The present disclosure relates to aluminum extrusions, and more particularly to aluminum extrusions including co-extruded insulated, coated and/or non-circular shaped reinforcing wires.

Extruded aluminum parts can be used in a variety of applications as a replacement for steel parts to reduce weight. While aluminum weighs less than steel, aluminum has lower strength than steel. For example, vehicles may include extruded aluminum parts that replace steel parts. However, it may be difficult to replace some steel structural parts with aluminum due to its lower strength.

SUMMARY

A co-extruded part includes an aluminum extrusion and a plurality of reinforcing wires including an outer coating layer and arranged in the aluminum extrusion. The plurality of reinforcing wires is co-extruded with the aluminum extrusion.

In some examples, the aluminum extrusion is made of an aluminum alloy selected from a group consisting of 6034, 6061, 6082, 6282, 7003, 6063, 6005, 6008, 1050, 3103, 3003 and/or 7075. The plurality of reinforcing wires are made of a material selected from a group consisting of iron (Fe), copper (Cu), nickel (Ni), titanium (Ti), and alloys thereof. The plurality of reinforcing wires are made of a material selected from a group consisting of carbon steel, austenitic stainless spring steel, and martensitic stainless spring steel. The outer coating layer is made of a material selected from a group consisting of zinc, zinc-magnesium, zinc-magnesium-aluminum, copper, and copper-zinc. The outer coating layer includes a zinc-based alloy that melts during extrusion to create a liquid diffusion bond. The outer coating layer includes a copper-based alloy that does not melt during extrusion to create a solid-state diffusion bond. The plurality of reinforcing wires have a diameter in a range from 0.5 mm to 2 mm.

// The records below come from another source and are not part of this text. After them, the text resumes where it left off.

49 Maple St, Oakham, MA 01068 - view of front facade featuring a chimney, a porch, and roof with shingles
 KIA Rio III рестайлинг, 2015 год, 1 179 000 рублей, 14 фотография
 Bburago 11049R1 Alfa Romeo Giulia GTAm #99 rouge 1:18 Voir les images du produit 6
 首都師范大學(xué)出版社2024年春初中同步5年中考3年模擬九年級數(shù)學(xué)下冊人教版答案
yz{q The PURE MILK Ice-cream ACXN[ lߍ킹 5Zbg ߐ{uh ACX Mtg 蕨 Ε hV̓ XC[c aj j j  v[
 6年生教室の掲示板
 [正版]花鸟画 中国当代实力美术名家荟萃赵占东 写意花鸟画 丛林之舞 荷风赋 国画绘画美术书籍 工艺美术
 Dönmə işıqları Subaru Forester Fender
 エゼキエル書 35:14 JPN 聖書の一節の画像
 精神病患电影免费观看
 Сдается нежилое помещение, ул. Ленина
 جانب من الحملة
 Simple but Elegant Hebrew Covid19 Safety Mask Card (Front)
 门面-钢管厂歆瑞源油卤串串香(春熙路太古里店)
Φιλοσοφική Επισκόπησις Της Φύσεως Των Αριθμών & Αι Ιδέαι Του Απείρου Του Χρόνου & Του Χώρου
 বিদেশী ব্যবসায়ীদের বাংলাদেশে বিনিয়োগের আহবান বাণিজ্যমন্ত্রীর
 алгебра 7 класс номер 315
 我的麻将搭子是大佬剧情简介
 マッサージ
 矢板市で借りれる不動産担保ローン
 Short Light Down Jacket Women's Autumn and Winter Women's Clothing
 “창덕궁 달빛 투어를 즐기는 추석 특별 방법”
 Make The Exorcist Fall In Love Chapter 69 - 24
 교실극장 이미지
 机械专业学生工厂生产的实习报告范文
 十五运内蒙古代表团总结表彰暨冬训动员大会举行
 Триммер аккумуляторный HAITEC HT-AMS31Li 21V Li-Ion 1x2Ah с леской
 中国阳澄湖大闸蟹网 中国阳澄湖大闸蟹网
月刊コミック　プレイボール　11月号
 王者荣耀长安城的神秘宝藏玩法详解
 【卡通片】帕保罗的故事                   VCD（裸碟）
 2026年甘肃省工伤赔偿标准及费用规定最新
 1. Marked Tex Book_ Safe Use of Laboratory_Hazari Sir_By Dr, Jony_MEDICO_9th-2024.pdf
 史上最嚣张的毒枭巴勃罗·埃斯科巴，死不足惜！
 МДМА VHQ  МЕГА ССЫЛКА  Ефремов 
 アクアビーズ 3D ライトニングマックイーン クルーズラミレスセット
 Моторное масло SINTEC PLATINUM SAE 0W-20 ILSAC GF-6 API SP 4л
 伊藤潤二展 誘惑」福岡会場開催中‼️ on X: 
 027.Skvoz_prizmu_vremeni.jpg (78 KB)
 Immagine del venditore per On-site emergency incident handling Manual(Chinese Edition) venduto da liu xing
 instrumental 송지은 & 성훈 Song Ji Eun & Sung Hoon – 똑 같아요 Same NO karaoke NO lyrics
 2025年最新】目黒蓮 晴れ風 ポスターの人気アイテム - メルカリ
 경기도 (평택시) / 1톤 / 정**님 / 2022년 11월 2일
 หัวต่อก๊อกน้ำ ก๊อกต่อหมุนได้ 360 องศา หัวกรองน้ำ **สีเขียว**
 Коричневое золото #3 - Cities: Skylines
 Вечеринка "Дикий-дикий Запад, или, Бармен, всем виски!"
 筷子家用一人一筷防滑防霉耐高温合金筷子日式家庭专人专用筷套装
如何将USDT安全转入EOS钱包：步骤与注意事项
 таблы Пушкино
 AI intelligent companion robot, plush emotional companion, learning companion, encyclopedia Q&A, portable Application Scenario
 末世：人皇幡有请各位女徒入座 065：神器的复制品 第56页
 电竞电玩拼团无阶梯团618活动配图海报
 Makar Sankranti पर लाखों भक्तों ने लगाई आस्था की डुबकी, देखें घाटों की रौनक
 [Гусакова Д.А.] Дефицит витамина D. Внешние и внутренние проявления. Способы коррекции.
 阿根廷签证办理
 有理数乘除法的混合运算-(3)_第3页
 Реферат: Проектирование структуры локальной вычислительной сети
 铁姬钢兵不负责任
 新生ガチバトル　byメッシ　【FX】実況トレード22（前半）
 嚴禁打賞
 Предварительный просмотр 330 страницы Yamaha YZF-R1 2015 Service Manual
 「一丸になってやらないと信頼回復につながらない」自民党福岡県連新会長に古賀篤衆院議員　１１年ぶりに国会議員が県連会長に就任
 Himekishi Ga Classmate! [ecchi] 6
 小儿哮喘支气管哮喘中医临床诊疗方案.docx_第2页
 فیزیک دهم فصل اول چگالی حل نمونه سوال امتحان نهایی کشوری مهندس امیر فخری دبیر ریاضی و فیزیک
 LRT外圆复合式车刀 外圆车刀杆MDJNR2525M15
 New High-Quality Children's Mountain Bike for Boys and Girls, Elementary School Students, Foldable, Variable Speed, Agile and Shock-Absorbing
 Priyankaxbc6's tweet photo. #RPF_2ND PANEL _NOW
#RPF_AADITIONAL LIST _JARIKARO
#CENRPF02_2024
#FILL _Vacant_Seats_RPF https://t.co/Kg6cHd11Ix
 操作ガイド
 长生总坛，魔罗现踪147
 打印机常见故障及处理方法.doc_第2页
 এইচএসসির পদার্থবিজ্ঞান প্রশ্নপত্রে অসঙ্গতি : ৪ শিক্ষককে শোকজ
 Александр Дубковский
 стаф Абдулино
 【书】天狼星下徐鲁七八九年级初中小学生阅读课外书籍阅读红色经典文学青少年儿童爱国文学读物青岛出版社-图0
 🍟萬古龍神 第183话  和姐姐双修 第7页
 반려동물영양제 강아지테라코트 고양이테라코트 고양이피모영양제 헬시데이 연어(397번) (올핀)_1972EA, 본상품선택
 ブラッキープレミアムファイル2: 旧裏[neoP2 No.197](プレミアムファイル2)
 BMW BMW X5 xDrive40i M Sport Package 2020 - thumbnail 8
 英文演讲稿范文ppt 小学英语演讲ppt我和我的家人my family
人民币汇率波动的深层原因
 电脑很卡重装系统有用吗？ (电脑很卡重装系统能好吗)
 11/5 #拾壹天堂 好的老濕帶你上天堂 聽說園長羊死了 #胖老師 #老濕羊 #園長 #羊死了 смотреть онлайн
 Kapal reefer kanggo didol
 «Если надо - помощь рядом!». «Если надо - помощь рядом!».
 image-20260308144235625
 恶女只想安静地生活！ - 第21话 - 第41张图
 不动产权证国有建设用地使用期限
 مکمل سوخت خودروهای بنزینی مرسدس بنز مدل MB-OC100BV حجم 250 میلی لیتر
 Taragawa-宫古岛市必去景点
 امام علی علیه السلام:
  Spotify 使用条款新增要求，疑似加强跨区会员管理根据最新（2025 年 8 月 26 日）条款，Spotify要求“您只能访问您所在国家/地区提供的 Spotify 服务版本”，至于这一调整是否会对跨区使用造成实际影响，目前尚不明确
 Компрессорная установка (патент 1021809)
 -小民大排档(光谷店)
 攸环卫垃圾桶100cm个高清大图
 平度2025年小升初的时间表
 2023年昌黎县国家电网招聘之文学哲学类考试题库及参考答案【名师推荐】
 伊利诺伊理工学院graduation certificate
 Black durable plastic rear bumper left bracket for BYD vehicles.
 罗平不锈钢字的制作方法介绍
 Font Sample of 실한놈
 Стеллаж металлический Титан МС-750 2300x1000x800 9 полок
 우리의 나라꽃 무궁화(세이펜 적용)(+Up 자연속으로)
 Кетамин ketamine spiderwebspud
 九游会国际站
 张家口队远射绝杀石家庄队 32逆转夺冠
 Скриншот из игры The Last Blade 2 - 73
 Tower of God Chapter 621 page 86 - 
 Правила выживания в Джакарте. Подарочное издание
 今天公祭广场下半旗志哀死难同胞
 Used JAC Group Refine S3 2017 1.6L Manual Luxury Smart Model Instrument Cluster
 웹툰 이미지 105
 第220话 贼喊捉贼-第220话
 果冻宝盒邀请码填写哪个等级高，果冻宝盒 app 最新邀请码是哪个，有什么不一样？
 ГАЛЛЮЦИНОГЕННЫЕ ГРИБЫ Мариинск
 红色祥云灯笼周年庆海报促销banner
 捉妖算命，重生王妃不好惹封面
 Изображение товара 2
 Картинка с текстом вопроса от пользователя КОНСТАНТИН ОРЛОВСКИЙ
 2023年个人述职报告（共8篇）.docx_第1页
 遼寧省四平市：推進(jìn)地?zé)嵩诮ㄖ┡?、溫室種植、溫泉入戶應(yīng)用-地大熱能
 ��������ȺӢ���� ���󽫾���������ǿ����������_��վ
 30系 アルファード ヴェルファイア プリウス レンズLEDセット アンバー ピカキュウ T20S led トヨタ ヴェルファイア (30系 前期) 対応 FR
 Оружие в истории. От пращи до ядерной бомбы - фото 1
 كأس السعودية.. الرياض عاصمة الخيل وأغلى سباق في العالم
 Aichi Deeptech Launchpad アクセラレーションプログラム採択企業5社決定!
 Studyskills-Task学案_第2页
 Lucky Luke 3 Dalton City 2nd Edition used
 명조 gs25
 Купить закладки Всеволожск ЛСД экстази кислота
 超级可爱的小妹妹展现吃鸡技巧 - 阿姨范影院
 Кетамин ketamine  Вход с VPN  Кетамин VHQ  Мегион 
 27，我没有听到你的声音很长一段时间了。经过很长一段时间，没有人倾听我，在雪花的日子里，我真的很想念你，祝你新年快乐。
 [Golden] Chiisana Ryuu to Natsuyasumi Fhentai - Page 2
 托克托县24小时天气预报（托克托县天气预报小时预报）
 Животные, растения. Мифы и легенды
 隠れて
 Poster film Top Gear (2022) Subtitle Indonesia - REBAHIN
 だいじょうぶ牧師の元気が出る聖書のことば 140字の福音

In other features, a thickness of the outer coating layer is in a range from 1 μm to 50 μm. A surface of the outer coating layer has a surface roughness (Ra) in a range from 10% to 75% of an average thickness T of the outer coating layer.

In other features, the outer coating layer includes an insulating layer selected from a group consisting of aluminum nitride (AlN), alumina (Al2O3), and boron nitride (BN). The plurality of reinforcing wires have a non-circular cross section. The plurality of reinforcing wires comprise helical reinforcing wires including a longitudinal helical groove.

A co-extruded part includes an aluminum extrusion and a plurality of reinforcing wires. The plurality of reinforcing wires are co-extruded with the aluminum extrusion. A cross sectional shape of the plurality of reinforcing wires is a non-circular cross-sectional shape. The non-circular cross-sectional shape is selected from a group consisting of a “D”-shape, a crescent-shape, a pie-shape, an elliptical-shape, a rounded rectangular shape, a helix shape, and a rounded triangle shape. The plurality of reinforcing wires include an outer coating layer.

In other features, the aluminum extrusion is made of an aluminum alloy selected from a group consisting of 6034, 6061, 6082, 6282, 7003, 6063, 6005, 6008, 1050, 3103, 3003 and/or 7075. The plurality of reinforcing wires are made of a material selected from a group consisting of iron (Fe), copper (Cu), nickel (Ni), titanium (Ti), and alloys thereof. The outer coating layer is made of a material selected from a group consisting of zinc, zinc-magnesium, zinc-magnesium-aluminum, copper, and copper-zinc.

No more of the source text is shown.